Fire-Baptized Holiness Church
The Fire-Baptized Holiness Church was a holiness Christian denomination in North America and much of the denomination was involved in the early formation of Pentecostalism, the advent of which caused a schism in the church; it continues today in the following denominations: International Pentecostal Holiness Church, Fire Baptized Holiness Church of God of the Americas, Bible Holiness Church and Wesleyan Holiness Alliance.
The Fire-Baptized Holiness Church was founded in 1896, mainly from a Methodist background, with Benjamin Wesley Young and Benjamin Hardin Irwin serving as leaders.
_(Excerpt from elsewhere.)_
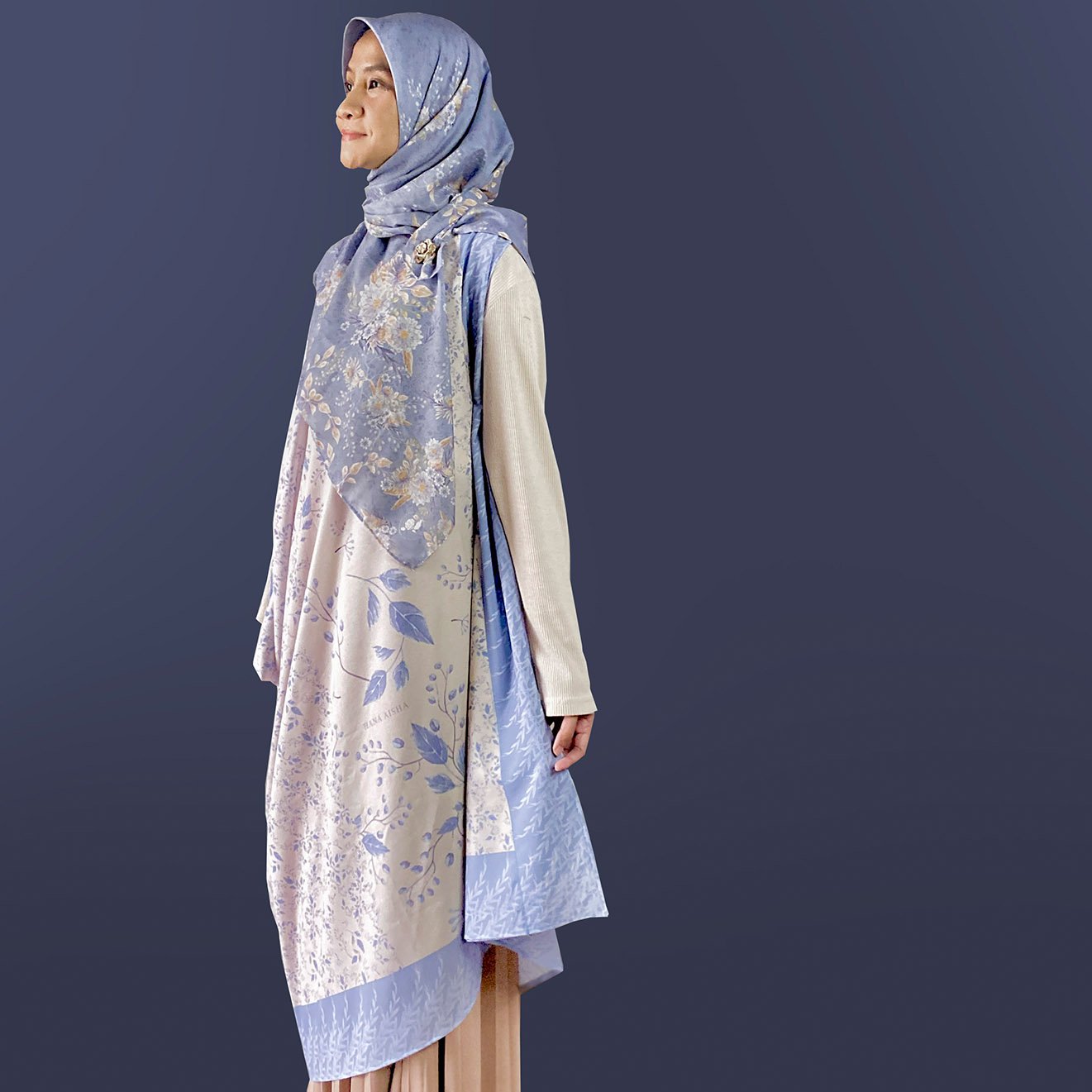 Kavia - Dress Outer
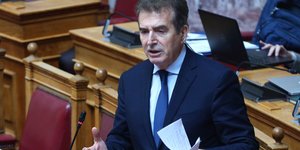 Ο Μιχάλης Χρυσοχοΐδης στη Βουλή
Irwin, a Wesleyan Methodist elder taught belief in a baptism by fire (known in short as "the fire"), influenced by his reading of John William Fletcher, an early Methodist divine.
The Southeastern Kansas Fire Baptized Holiness Association dissolved its relationship with the rest of the denomination in 1898 after Irwin began to preach the necessity of maintaining Jewish dietary laws; the Southeastern Kansas Fire Baptized Holiness Association renamed itself as the Fire Baptized Holiness Association of Southeastern Kansas in 1904 and then the Fire Baptized Holiness Church in 1945 and then the present-day name of Bible Holiness Church in 1995.
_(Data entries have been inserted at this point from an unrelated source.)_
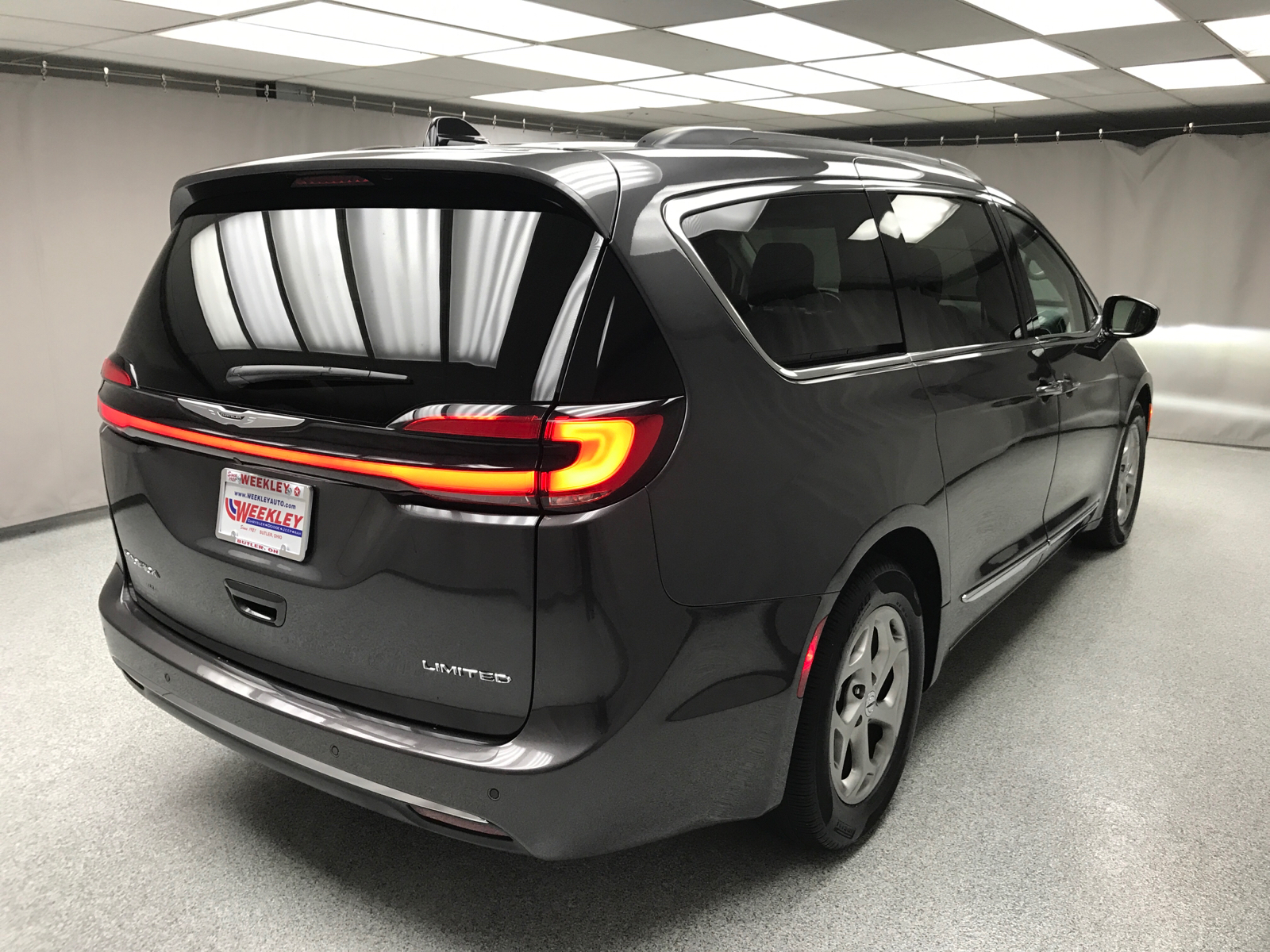 2023 Chrysler Pacifica Limited 18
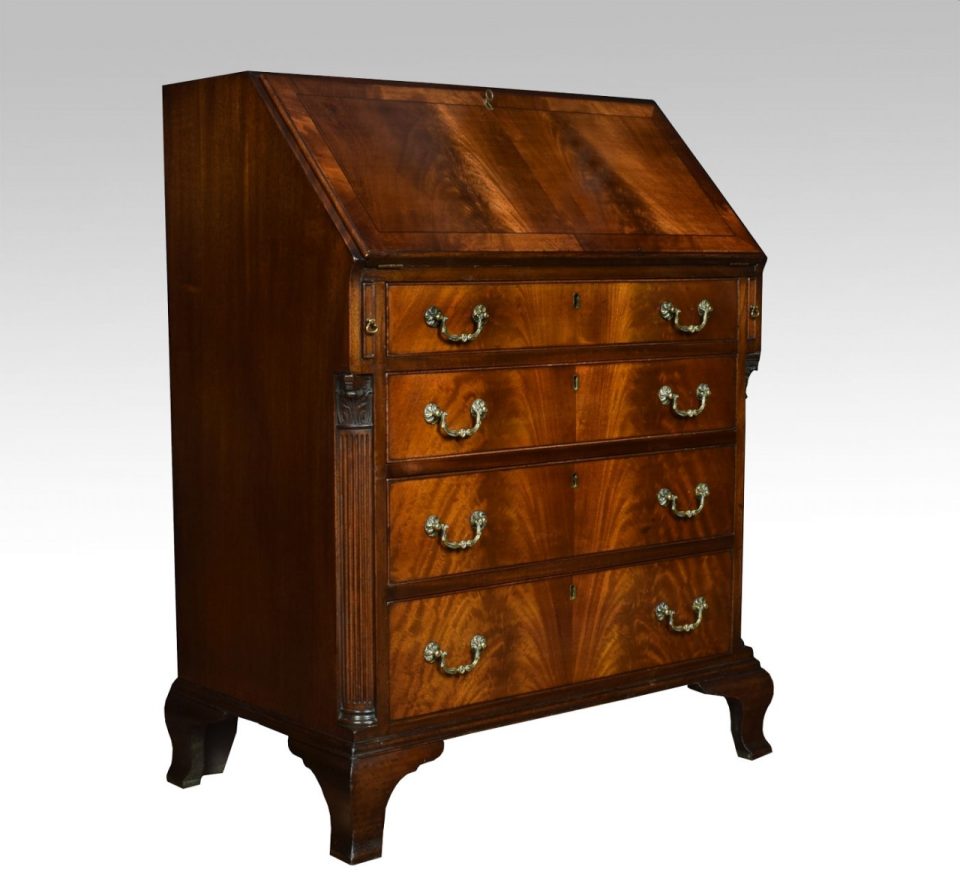 Early 20th Century mahogany bureau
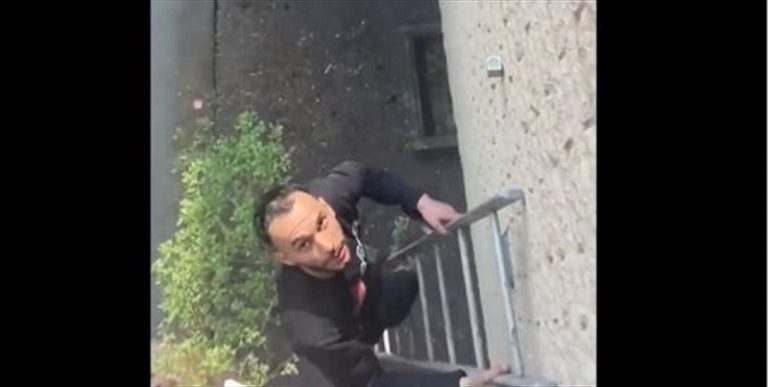 بالفيديو: تسلق منزل صديقته وهددها بالقتل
In 1908, most of the African-American members withdrew to form a church, the Fire Baptized Holiness Church of God of the Americas. Most of the original Fire-Baptized Holiness Church merged with the Pentecostal Holiness Church in 1911, forming a new denomination known as the International Pentecostal Holiness Church. Before the merger, the Fire-Baptized Holiness Church was an interracial body.